A Course in Miracles offers a radical shift:
“The past is over. It can touch me not.”
In other words, the past is done messing with you—unless you invite it in for tea.
Forgiveness as a Shift in Perception
Forgiveness, in its truest form, isn’t an act we perform. It’s a perception we allow.
It doesn’t come from trying harder or doing penance—it comes from the willingness to see differently. To recognize that the person we were—the choices we made—were all happening within a dream of mistaken identity. We thought we were separate. We thought we were broken. We thought fear was real.
When perception begins to heal, forgiveness arises on its own. Like a snake shedding old skin, we simply no longer identify with the story that kept us bound.
We don’t forgive by force.
We forgive by seeing clearly.
And as the illusion of guilt dissolves, what’s left is innocence.
Three Questions for Self-Forgiveness
If you’re ready to lay down the whip of self-punishment, take a moment.
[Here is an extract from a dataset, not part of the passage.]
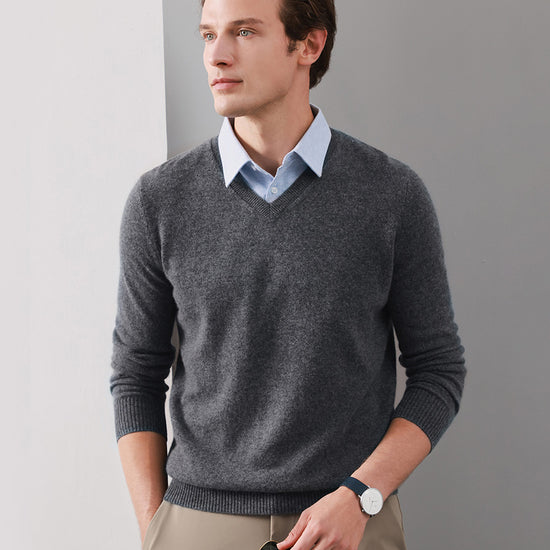 COMOBOCA GREY 100% Cashmere Men's V-Neck Sweater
Breathe. And ask:
Could I forgive myself?
Would I forgive myself?
When?
Here’s the secret: the answer is always yes. And the time is always now.
Presence is the Healing
Eckhart Tolle reminds us:
“Nothing ever happened in the past; it happened in the Now.”
So if you're caught in regret, you're not actually in the present. You're in a mental time machine, trying to re-edit a scene that’s already faded into mist.
You don’t need to rewrite the past. You need to return to Presence. To let this moment show you the truth: you are not your story. You are not your shame. You are not your mistake. You are the awareness in which all of this is appearing—and dissolving.
Love Is the Final Answer
Anne Lamott wrote,
“Forgiveness means it finally becomes unimportant that you hit back.”
That includes hitting back at yourself.
One of the quickest ways to shift out of self-looping? Love someone. Call a friend. Ask them how they’re really doing. Be a mirror of compassion. Give what you most want to receive.
As Jesus said,
“Forgive us our trespasses, as we forgive those who trespass against us.”
This includes you. What you offer to others, you offer to yourself.
You Are Already Free
The past is over. The verdict is in.
You are free.
Not because you earned it. But because that’s the only way it’s ever been.
So go on—be free. Get out of your own head. Call someone. Ask them how their day is going. There’s more to life than what’s happening in your mind.
And in case no one told you lately:
You’re doing great. You’re not behind. You’re exactly on time.
You are forgiven.
Now, just take a look, see that this is true, and let it be so.